# [ACTIVITY]
An exact copy is required of the lines running from the one that contains "Now an OKC case." to the end of the material, both ends included, with pictures omitted.

# [DATA]
━━━━━━━━━━━━━━━━
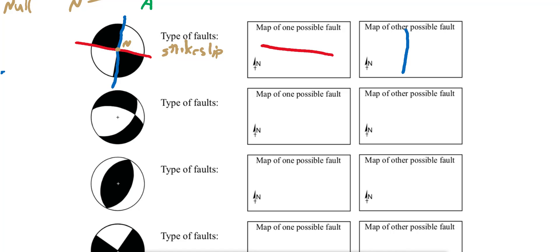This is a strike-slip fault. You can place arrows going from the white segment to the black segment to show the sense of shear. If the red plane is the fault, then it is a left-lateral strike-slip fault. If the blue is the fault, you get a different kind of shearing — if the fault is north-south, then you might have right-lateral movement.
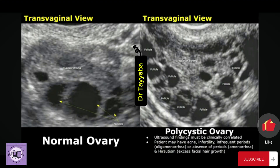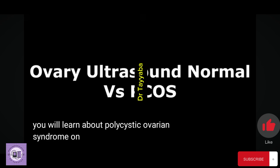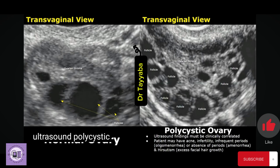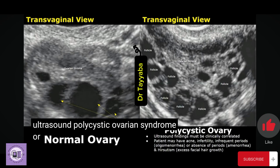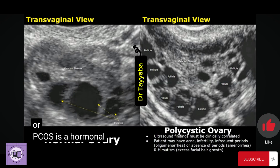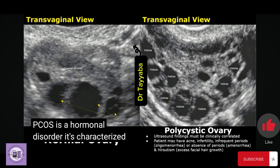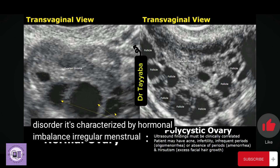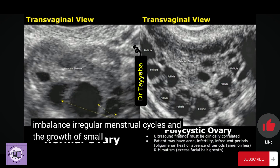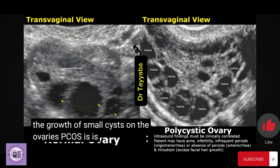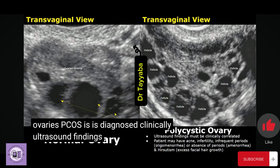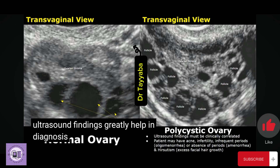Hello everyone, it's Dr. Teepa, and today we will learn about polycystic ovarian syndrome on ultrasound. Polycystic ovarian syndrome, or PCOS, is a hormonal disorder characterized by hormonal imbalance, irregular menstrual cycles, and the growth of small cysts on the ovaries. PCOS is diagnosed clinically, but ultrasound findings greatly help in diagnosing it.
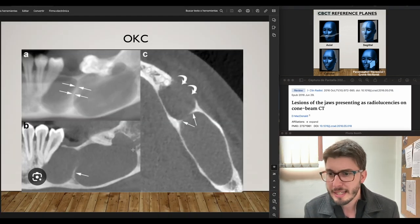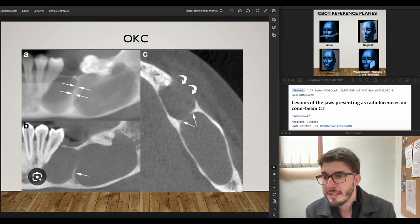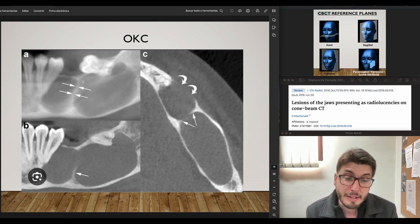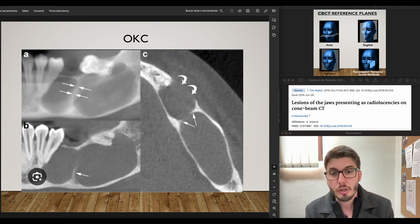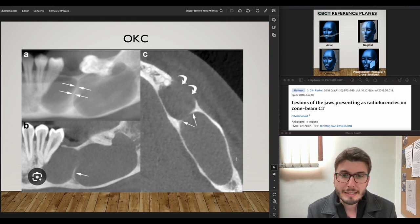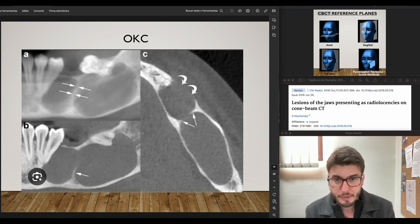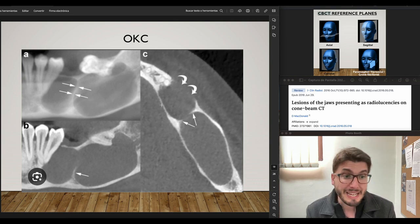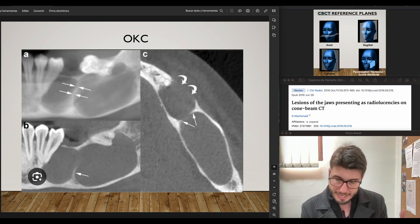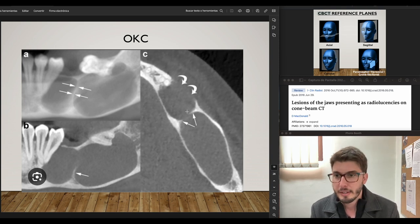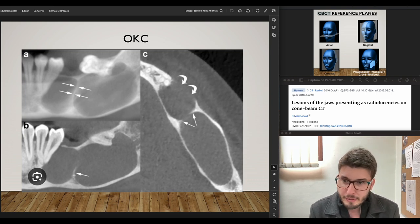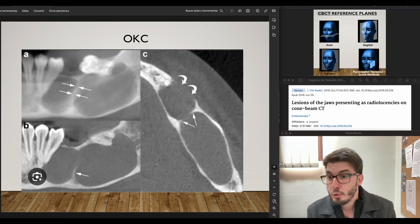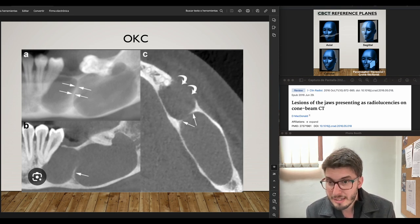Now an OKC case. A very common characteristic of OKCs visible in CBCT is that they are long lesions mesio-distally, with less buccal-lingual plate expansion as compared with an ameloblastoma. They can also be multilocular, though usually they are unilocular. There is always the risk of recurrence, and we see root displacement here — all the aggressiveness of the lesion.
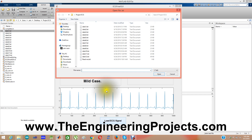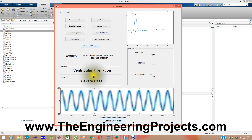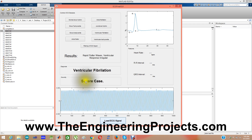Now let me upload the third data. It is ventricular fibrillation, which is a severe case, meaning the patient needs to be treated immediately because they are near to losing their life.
━━━━━━━━━━━━━━━━
# [EXPECTED ANSWER]
Now an OKC case. A very common characteristic of OKCs visible in CBCT is that they are long lesions mesio-distally, with less buccal-lingual plate expansion as compared with an ameloblastoma. They can also be multilocular, though usually they are unilocular. There is always the risk of recurrence, and we see root displacement here — all the aggressiveness of the lesion.
Now let me upload the third data. It is ventricular fibrillation, which is a severe case, meaning the patient needs to be treated immediately because they are near to losing their life.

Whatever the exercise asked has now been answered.